My mug that says “Pumpkin Spice Everything” puts a smile on my face and makes me want to put on the coziest sweater and jump in a pile of leaves.
My mug that says, “This girl loves sleep” (which I typically reserve for my evening tea) encourages a yawn.
I could go on and on with the overflow of mugs in our kitchen, but the point is, the messages we see, read, and accept, have an influence on our thoughts, minds, and actions.
When I drink from my “Celebrate the small victories” mug, I recount in my mind the small things I have accomplished. Small things add up. Small things matter just as much as the big things, because often times you can’t have one without another, and often times, it is the small victories such as saying “no” to the snooze button on your alarm or finishing a book that you were committed to reading, that can make a difference.

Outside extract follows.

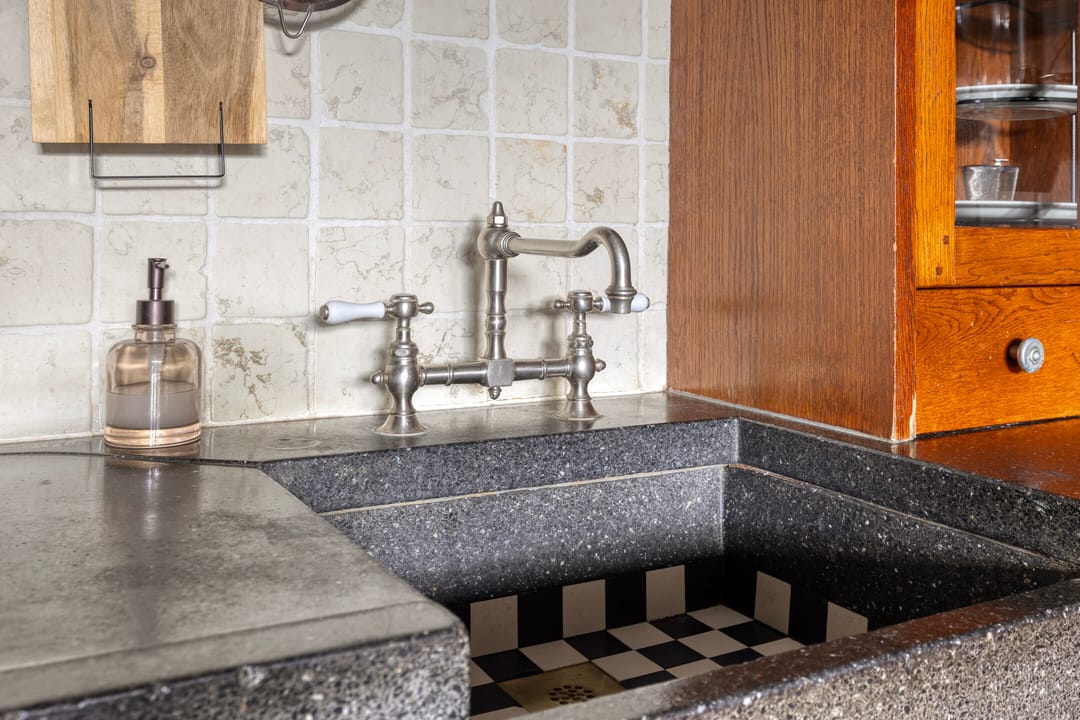 Photo 17 of Van Loëstraat 33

It’s easy to feel like the “big victories” are what matter. You know, those things that will get other people noticing your success. Those things that turn heads and make ripples. It’s natural to desire major victories- who wouldn’t want that? Big victories are made up of a dozen small victories though. People who are have been delivered from the enslavement of drugs and alcohol celebrate the big victories such as year anniversaries. When I personally got sober though, I had to start out by celebrating one day at a time. One day sober may seem miniscule in the grand scheme of things, but recently I acknowledged 3.5 years sober, and I had to stop and think about all of those small, daily victories that added up to the 3.5 years I now have.
So, what else can small victories look like? Perhaps it looks like asking for help when you don’t know the answer, or maybe it is having a healthy conversation with your co-worker when you don’t see eye to eye. What if victory for you looked like sticking to your schedule that day because you struggle with consistency? On the other hand, what if practicing flexibility with your schedule was a victory you needed?

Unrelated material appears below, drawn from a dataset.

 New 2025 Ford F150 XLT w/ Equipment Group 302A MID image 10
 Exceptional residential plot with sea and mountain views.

When we begin to acknowledge and then celebrate the small victories we accomplish every single day, we start realizing that every moment matters. Time becomes more precious and actions are marked with intention. You better believe that the mornings I get up at my first alarm, I start celebrating. It’s a victory for me.
Your victories might not seem like victories to other people, and that’s one reason you should never assess your success by the approval and celebration you receive from others. Other people’s approval does not determine victory or defeat. All too often though, that becomes the norm. Success is ruled by another person’s opinion.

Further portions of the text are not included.